_Exercise details_. Down to the last line, transcribe the records verbatim and exclude the images.

_Source records_.
• • •

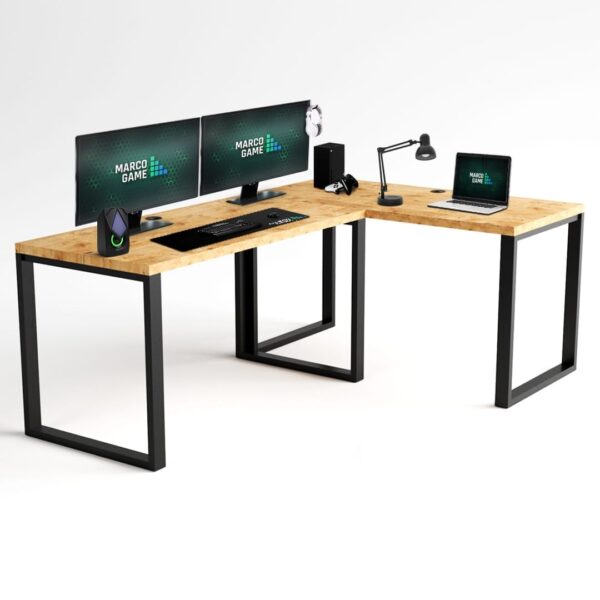 Biurko narożne LOFT Dąb lancelot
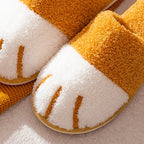 Anti-Slip Winter Slippers Plush Shoes Cozy Cartoon Cat Paw for House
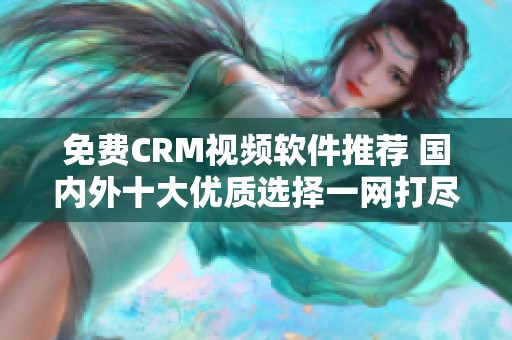 免费CRM视频软件推荐 国内外十大优质选择一网打尽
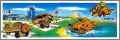 Avions en bois - Kinder Surprise K99-68 � K99-71 - 1999
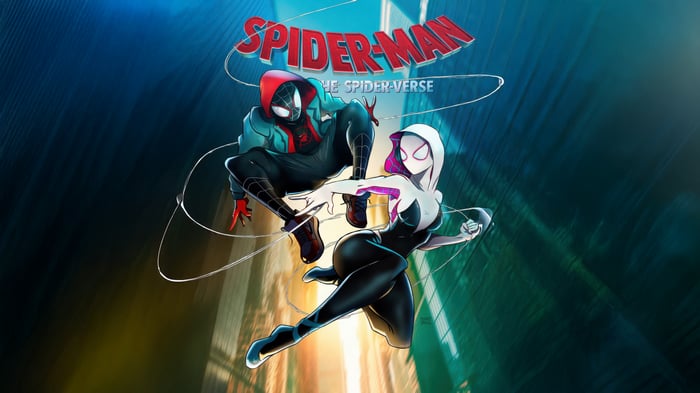 Spider-Man: Into the Spider-Verse Miles Morales and Gwen Stacy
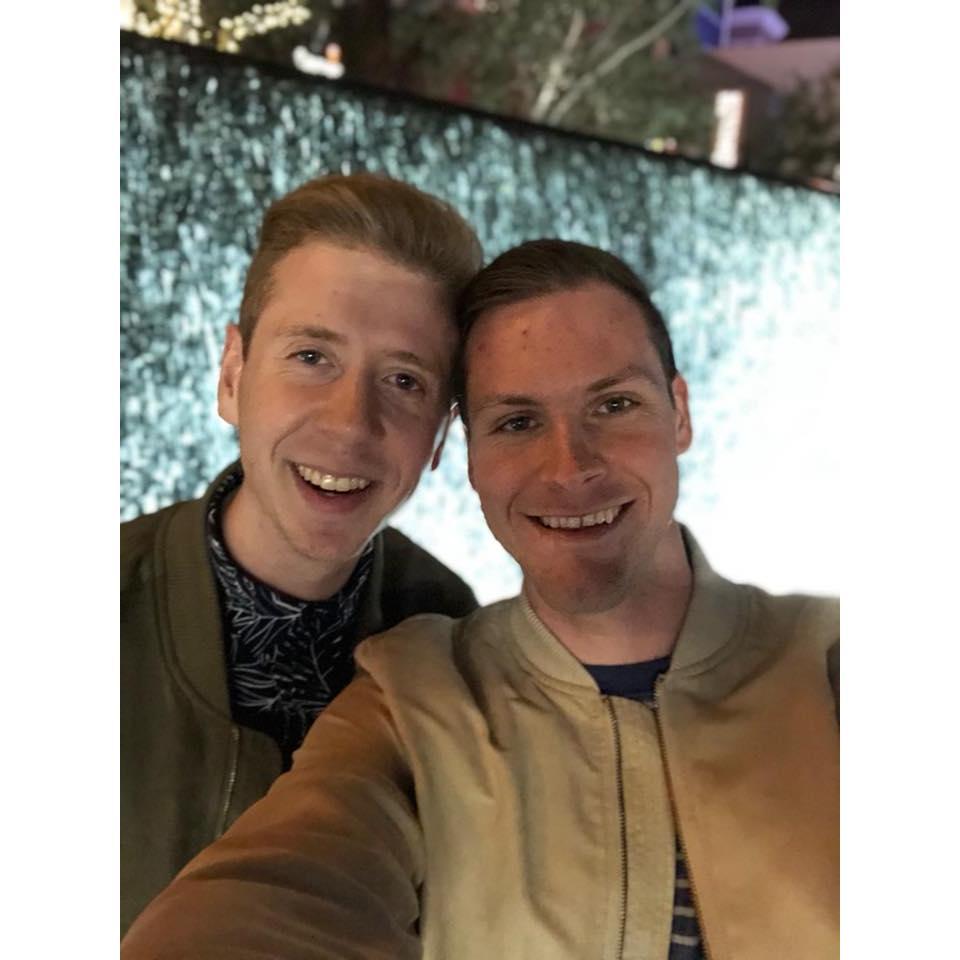 Our first trip to Vegas! We decided to spend Valentine's Day in the city of cigarette smoke and show girls!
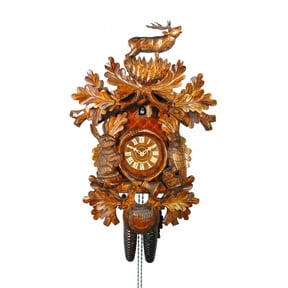 Cuckoo Clock Hunting Clock, standing Deer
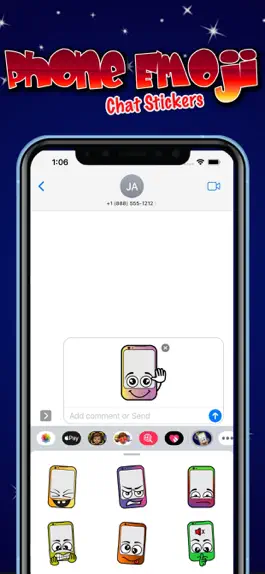 Game screenshot Phone Emoji Chat Stickers apk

• • •

_Reply_.
 Biurko narożne LOFT Dąb lancelot
 Anti-Slip Winter Slippers Plush Shoes Cozy Cartoon Cat Paw for House
 免费CRM视频软件推荐 国内外十大优质选择一网打尽
 Avions en bois - Kinder Surprise K99-68 � K99-71 - 1999
 Spider-Man: Into the Spider-Verse Miles Morales and Gwen Stacy
 Our first trip to Vegas! We decided to spend Valentine's Day in the city of cigarette smoke and show girls!
 Cuckoo Clock Hunting Clock, standing Deer
 Game screenshot Phone Emoji Chat Stickers apk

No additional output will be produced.